Dan Sommers dan at tombstonezero.net
Tue May 1 11:02:27 EDT 2018


On Tue, 01 May 2018 22:37:11 +1000, Steven D'Aprano wrote:

> On Tue, May 01, 2018 at 04:50:05AM +0000, Dan Sommers wrote:
>> On Tue, 01 May 2018 10:42:53 +1000, Steven D'Aprano wrote:
>> 
>> > - people are not good judges of readability;

>> I happen to be an excellent judge of whether a given block of code is
>> readable to me.

> In the same way that 93% of people say that they are an above-average
> driver, I'm sure that most people think that they are an excellent
> judge of readability.

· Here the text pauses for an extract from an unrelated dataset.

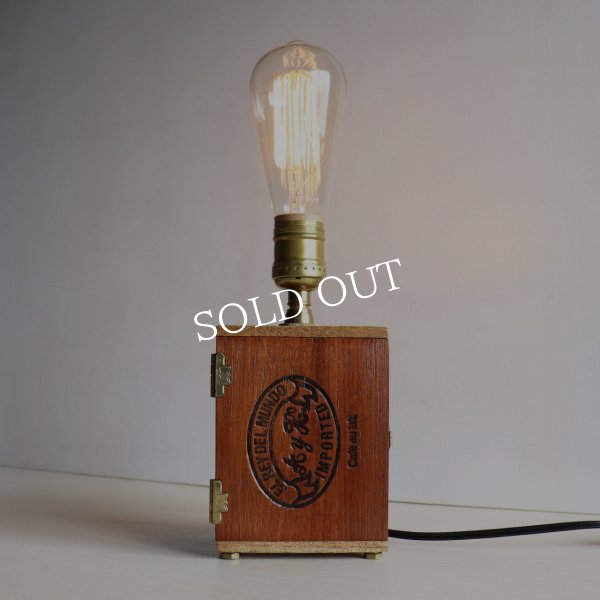 コレクティブルシガーボックスミニテーブルライト卓上照明｜葉巻煙草ウッドボックス・木箱型ランプ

Including myself in *both* of those.

Are you claiming that I'm not an excellent judge of whether a given
block of code is readable to me?

> 2. Anecdotally, we all know that many programmers are just awful.

No argument here!  :-)

> https://thedailywtf.com/

Readability is only one criterion by which to judge code.  Most code on
thedailywtf is bad due to varieties of bugs, inefficiencies,
misunderstandings, or unnecessary complexities, regardless of how
readable it is.

> And presumably most of them think they are writing readable code ...

Why would you presume that?  I haved worked with plenty programmers who
didn't consider readability.  If it passes the tests, then it's good
code.  If I have difficulty reading it, then that's my problem.

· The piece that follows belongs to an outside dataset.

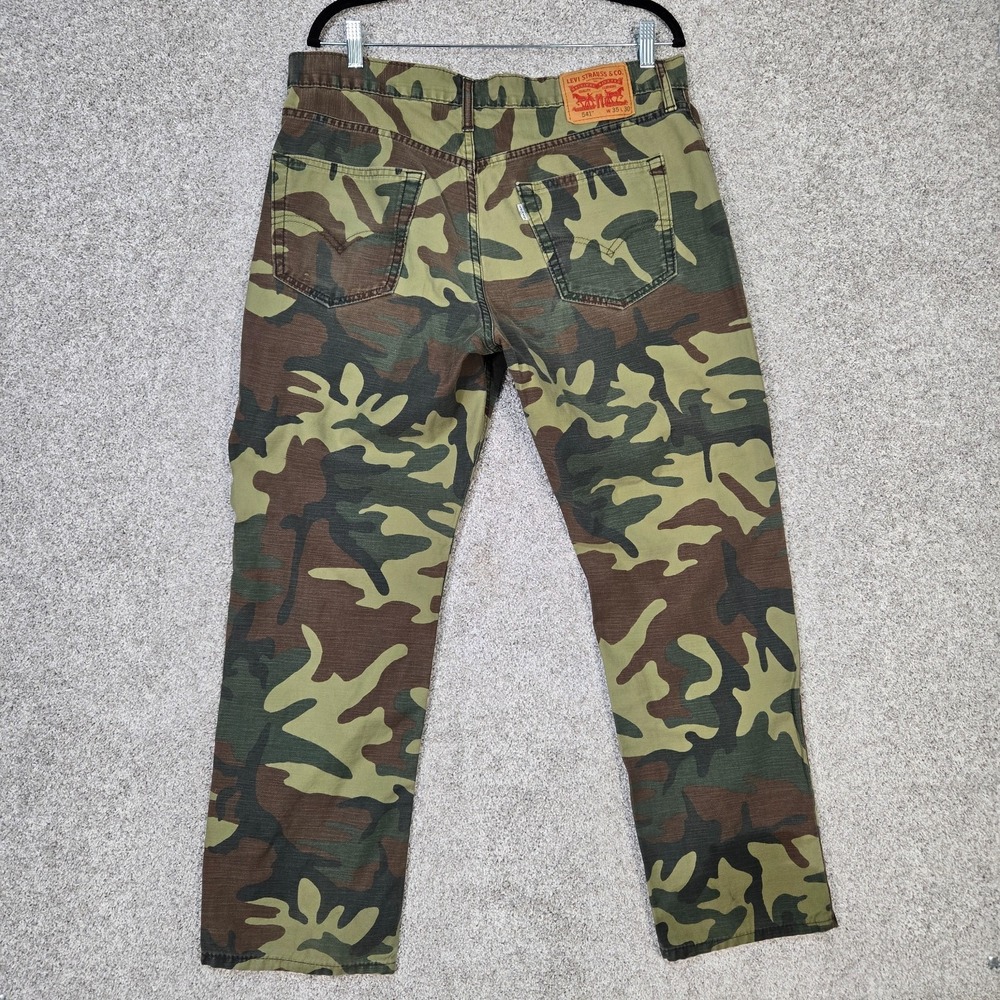 Levis 541 Jeans Mens 35x30 Green woodland Camo Athletic Tapered 5 pocket pants - Picture 2 of 11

Also, when I write code, I put down my text editor to review it myself
before I submit it for formal review.  My authoring criteria for good
code is different from my reviewing criteria for good code; the latter
includes more readability than the former.

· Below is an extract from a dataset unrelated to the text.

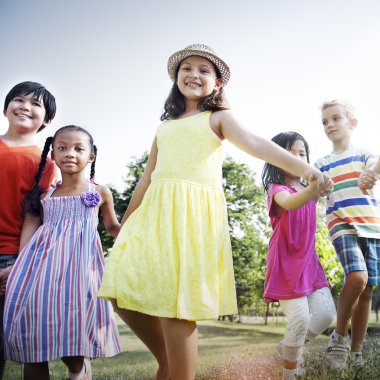 Çocuklar dışarıda oynuyor.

> ... I have known many people who swear black and blue that they work
> best with their editor configured to show code in a tiny, 8pt font,
> and I've watched them peering closely at the screen struggling to read
> the text and making typo after typo which they failed to notice.

> In other words, people are often not even a great judge of what is 
> readable to *themselves*.

On that level, aesthetics definitely count (typographers have known this
for centuries), but in an entirely different way.  Is their code better
when their editor shows it at 14.4pt?  At 17.3pt?

When we first started with color displays and syntax coloring editors,
it was popular to make a language's keywords really stand out.  But the
keywords usually aren't the important part of the code (have you ever
programmed in lisp?), and I find it easier to read algol-like code when
the keywords are lowlighted rather than highlighted.  In Python, for
example, the word "import" is far less important than the name of the
module being imported, especially when all the imports are grouped
together near the top of the source file.